Not All Credit Consolidation Services Created Equal

When a person walks into one of the credit consolidation services looking for a way to avoid bankruptcy and return normalcy to their financial life, most believe they are getting expert advice. With many of the companies offering these services, they do receive advice on how to consolidate their debts and avoid falling back into the same trap, but others may not be as well versed on how to make this happen.

Dealing with a massive debt load can be a daunting experience for many people and they begin to feel that getting out from under their debts is going to be a lot harder than it was to get into financial trouble. For the most part, that would be a correct assessment and when attempting to deal with numerous debtors at the same time, they believe their only alternative is to declare bankruptcy. While bankruptcy can put an end to the phone calls from creditors and stop most collection efforts, it can be an expensive proposition as well as have a devastating effect on their credit report.

That is not to say that joining in a program through credit consolidation services will boost their credit score, but it does indicate the person is trying to pay down their obligations. Additionally, while participating in these programs, participants are urged to refrain from taking on any additional debt.

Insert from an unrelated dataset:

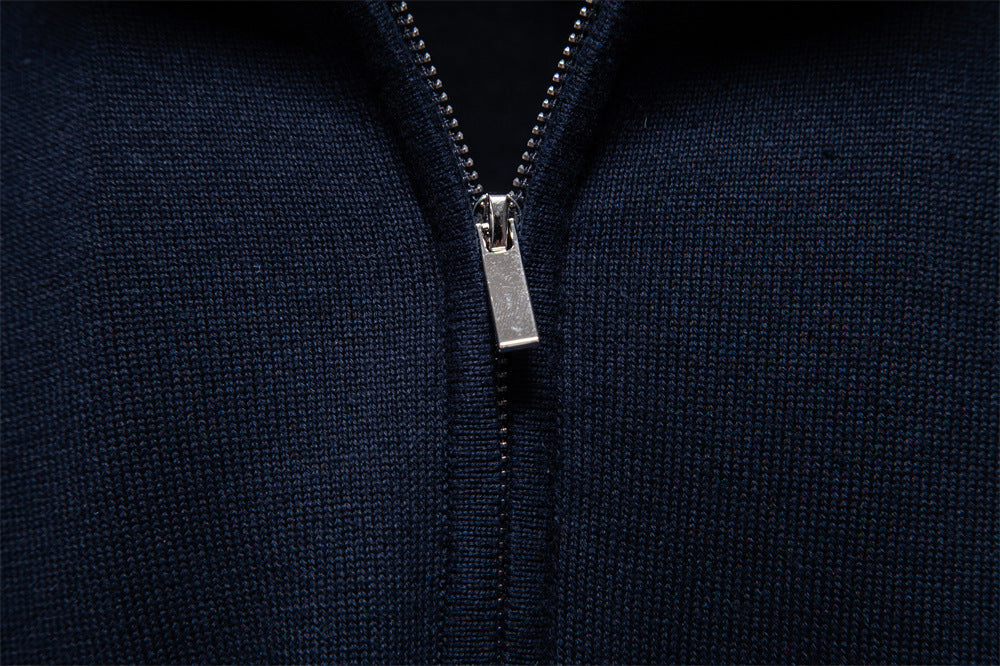 Herren-Pullover aus Baumwolle mit Viertelreißverschluss – Poloshirt aus einfarbigem Strick mit Stehkragen | ZSW-03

Typically, those working for credit consolidation services are experienced in dealing with creditors and can often have the balance owed reduced by eliminating charges tacked on as late fees or over the limit fees on credit cards. Once a total balance of the debt is established, the debtor can usually pay only a maximum of 25 percent of their monthly net pay, the amount allowed by federal debt collection laws.

The amount collected is then distributed to all lenders, based on a percentage of the total debt and as each smaller debt is eliminated, the money is distributed among a smaller pool of debtors. The credit consolidation services also include a portion of the payment to help pay for their services as well as postage and charges for sending out the checks to the lenders every month. As long as the debtor makes their regular payment there is usually no contact with the lenders.

However, unlike bankruptcy, lenders are under no obligation to agree to the terms of credit consolidation services and in some cases refuse to participate. The debtor will have the choice under these circumstances to maintain monthly payments with these lenders while retaining the others through the process by the credit consolidation services. If their disposable income allows them the cash to make these additional payments, they may choose this option. If not, they may seek protection through Chapter 13 bankruptcy.

 Bankruptcy under Chapter 13 is credit consolidation services administered by the bankruptcy court, under control of a court trustee. While the stigma of bankruptcy attaches itself to the individual, it is also mandated by the court that all debtors accept the payments approved by the court.